>Sometimes numerical solutions "blow up" because of instability in the >numerical scheme. (To see this for yourself, discretize the heat >equation u_t=u_xx, with say zero boundary data and something like a >sawtooth initial condition, and play with the sizes of the t-step and >the x-step; you should very quickly be able to make your solution blow >up. This heat equation has a "closed form" solution which converges >to the zero function, and it is known that for t>0, it is an analytic >function; in particular, the real solution does not blow up.)

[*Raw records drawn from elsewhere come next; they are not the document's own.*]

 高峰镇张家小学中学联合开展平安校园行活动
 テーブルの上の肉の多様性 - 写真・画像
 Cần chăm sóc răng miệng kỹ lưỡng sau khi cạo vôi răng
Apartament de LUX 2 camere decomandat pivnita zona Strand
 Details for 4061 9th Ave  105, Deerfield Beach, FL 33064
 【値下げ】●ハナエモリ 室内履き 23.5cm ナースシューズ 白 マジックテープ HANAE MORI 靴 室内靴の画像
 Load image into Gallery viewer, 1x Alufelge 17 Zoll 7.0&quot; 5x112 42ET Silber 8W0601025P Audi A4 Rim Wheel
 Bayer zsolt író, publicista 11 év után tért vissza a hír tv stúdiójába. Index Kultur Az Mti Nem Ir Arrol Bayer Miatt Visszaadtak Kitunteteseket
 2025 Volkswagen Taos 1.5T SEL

One solution is to use simulation, not computation. This is what I've been talking about all the time. The final test for an aircraft design, before the maiden flight, is the wind tunnel - equations alone won't do. Well, we can set up a simulated wind tunnel inside our computers, and we don't necessarily need to put in the Navier-Stokes equations, either in their closed form or in their numerical form.
>On the other hand, sometimes numerical solutions blow up because the >real solution blows up (e.g., solve the ordinary differential equation >dy/dx=y^2, with initial condition y(0)=1). > >In the case of N-S, it is unknown whether the observed numerical >blowups are due to numerical instability or to the mathematics. > >Throwing more computer power at this will never tell us whether the >blowups are real or not, and therefore will not tell us how accurate >our approximate solutions are. (If the numerics blow up but the real >solution does not, then your error is infinite, so you have no >accuracy at all!) Obviously it is of some practical importance to >know how accurate the numerical solutions are.

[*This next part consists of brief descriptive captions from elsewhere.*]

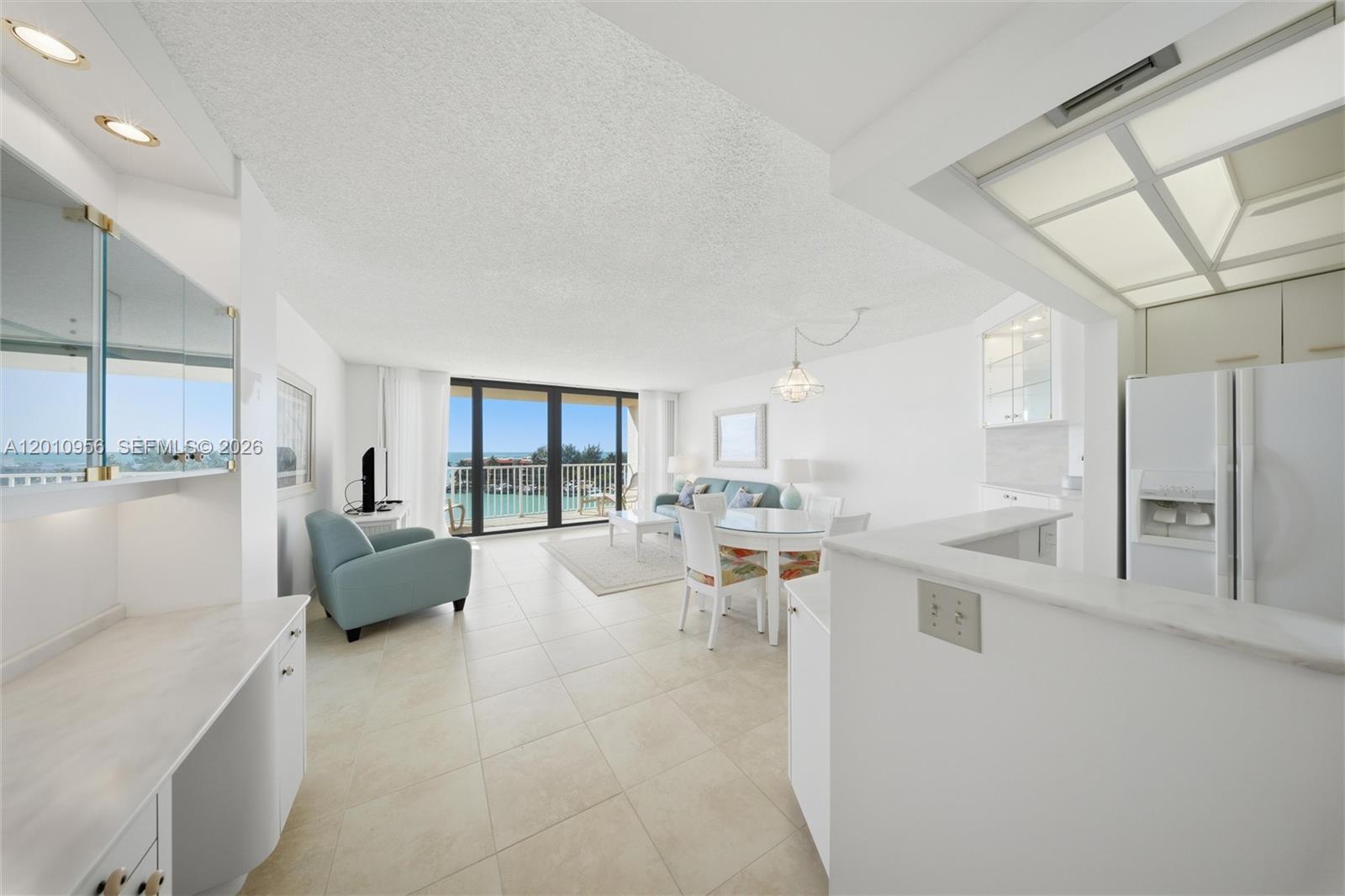 COCO PLUM BEACH - Residential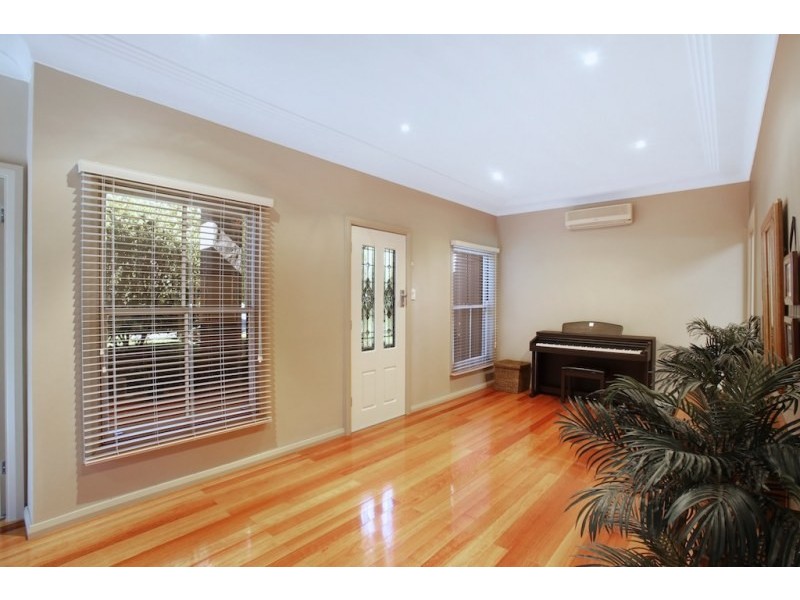 33 Pindari Avenue, Camden NSW 2570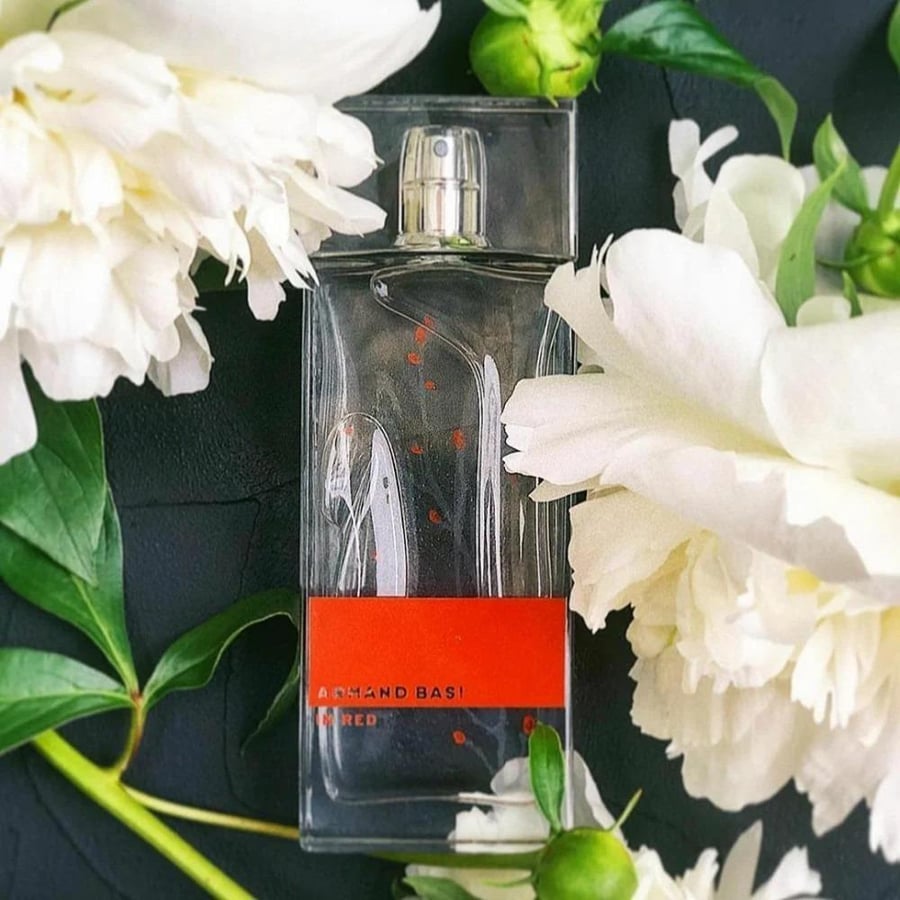عطر الابيض ان ريد من ارماند باسي او دو تواليت 100 مل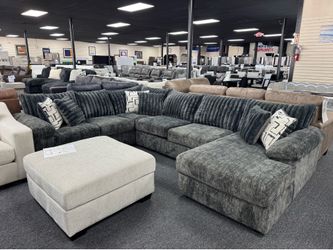 U Shape Sectional. 🚚WE DELIVER🚚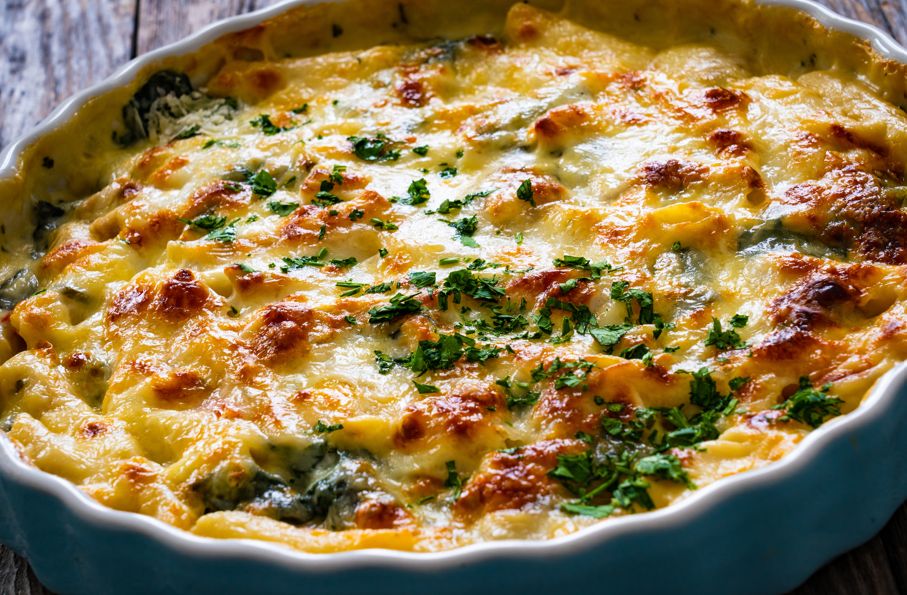 Wrzucam do piekarnika i zalewam sosem. Ekspresowa, domowa zapiekanka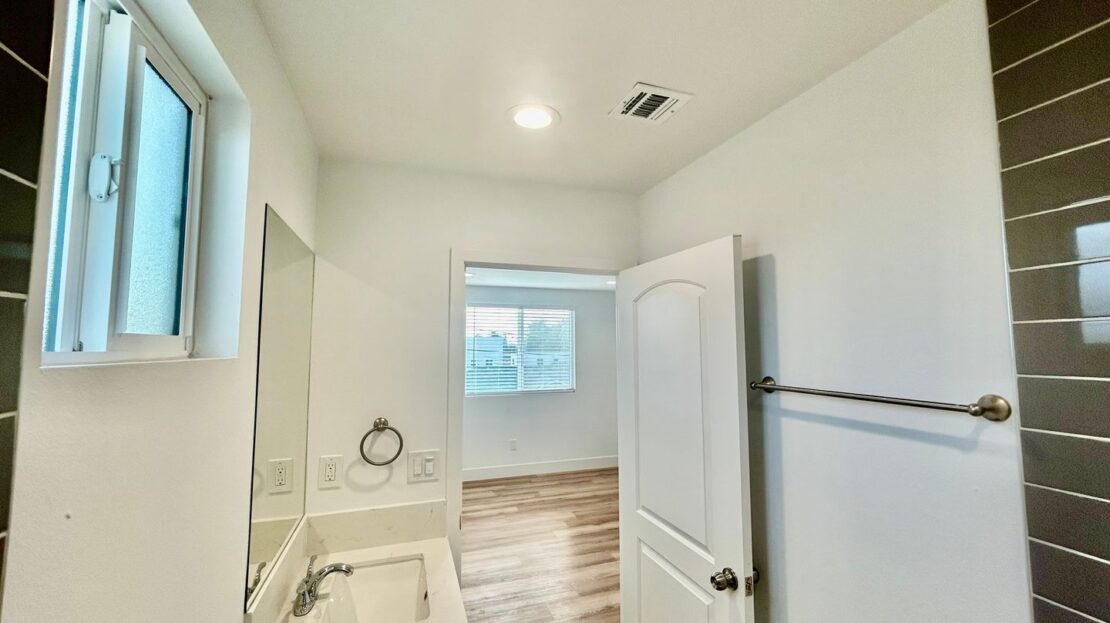 8418 S Main Street  - Los Angeles - California - 3 bed, 3 bath rental property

Many blowups due to numerical instability can be negotiated by increasing the precision. Is 64 bit not enough ? Make a CPU with 4096, 16384, whatever, bits. It may take longer, but it may go a bit further. The thing isn't whether the computation just blows up, the thing is whether the computation blows up because we're throwing it on the hardware we have at hand, and that hardware can be pretty limited depending on the application we have at hand. After all, they're "general purpose" computers, eh ? Numerical instability is a problem of the machine, but it has to do with doing arithmetic that is generated by the mathematical model - but if I can set things up "ab ovo" in a way that just bypasses the equations, maybe I could give it a try.
>This is not directly relevant to a K-12 education discussion, but it >does show that raw computational power may not be sufficient to obtain >correct answers from a model.

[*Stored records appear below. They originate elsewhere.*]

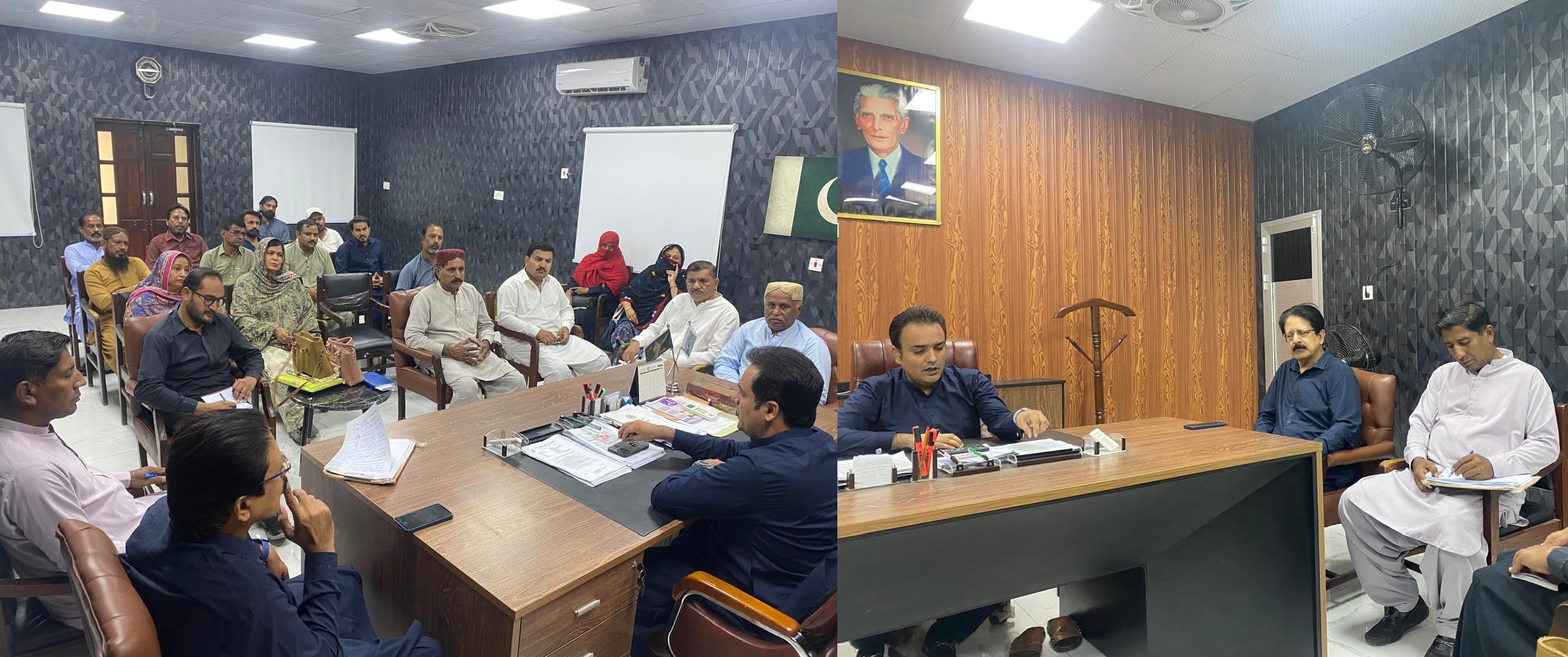 AC Tando Adam reviews arrangements for upcoming anti-polio campaign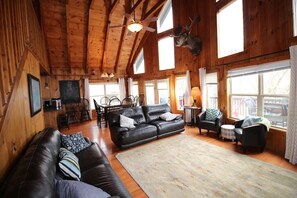 Smart TV - Bullwinkle Inn' private dock, hot tub, quiet water (Speedwell)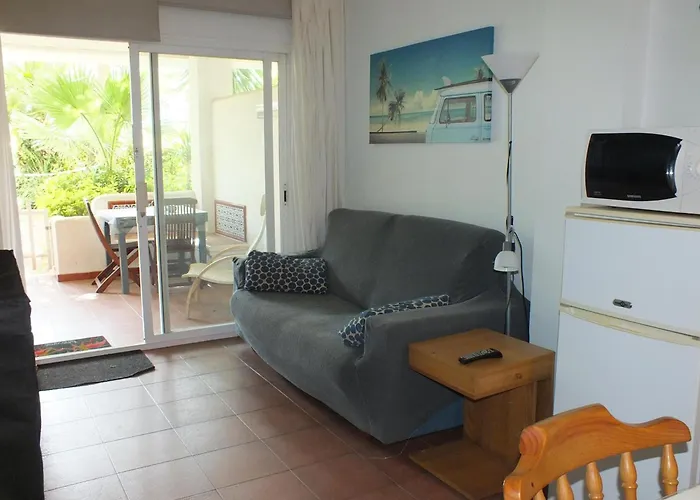 En Planta Baja Con Piscina Comunitaria En Roses, Cerca De Playas Y Actividades - Es-204-47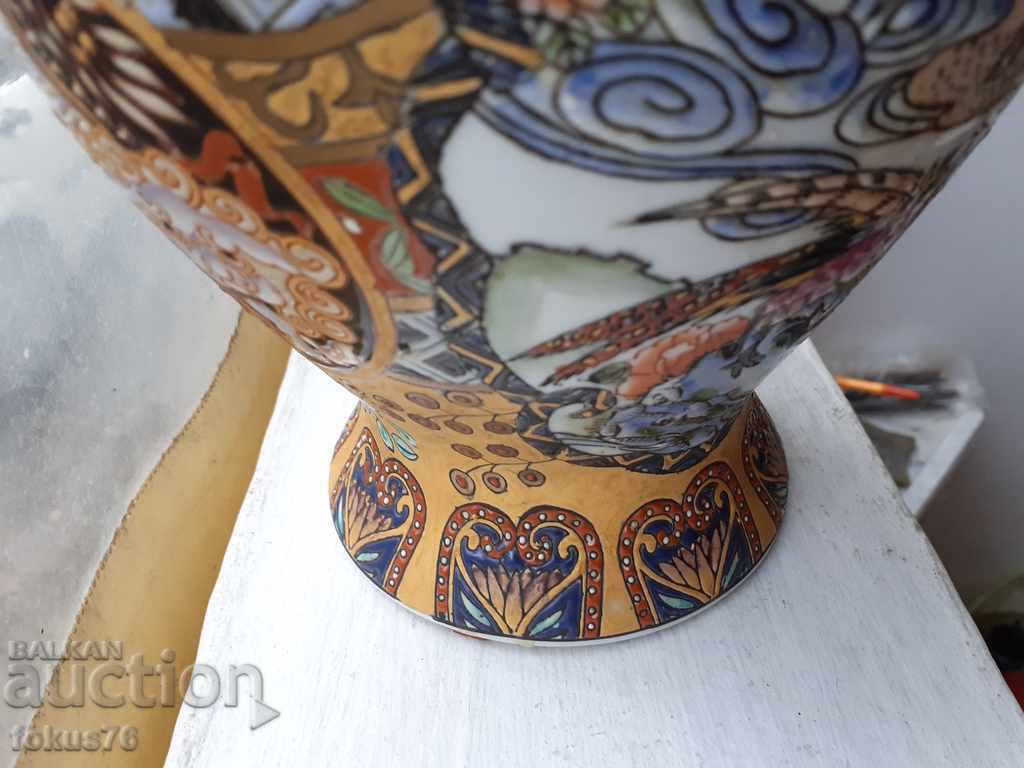 Licitație Vasă antică mare Satsuma în relief pictat Satsuma Licitație Vasă antică mare Satsuma în relief pictat Satsuma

If we had orders of magnitude more computational power than we have today, we could perform the numerical method with an infinite-precision numerical package written in Lisp: the problem would vanish. The fact that we don't have enough computational power clearly shows in the intent we have in studying and standardizing things such as floating-point representations and arithmetic: we have 64-bit arithmetic because 32-bit is not enough, then we have 80-bit arithmetic because 64-bit is not enough, and we have 128-bit arithmetic because none of the others are enough, and so on: but the bottomline is, if we had lots more computational power than we have today, we wouldn't need floating point representations, and we could do our computation the way people do it manually: with variable precision depending on the particular need at the very spot of the individual computation.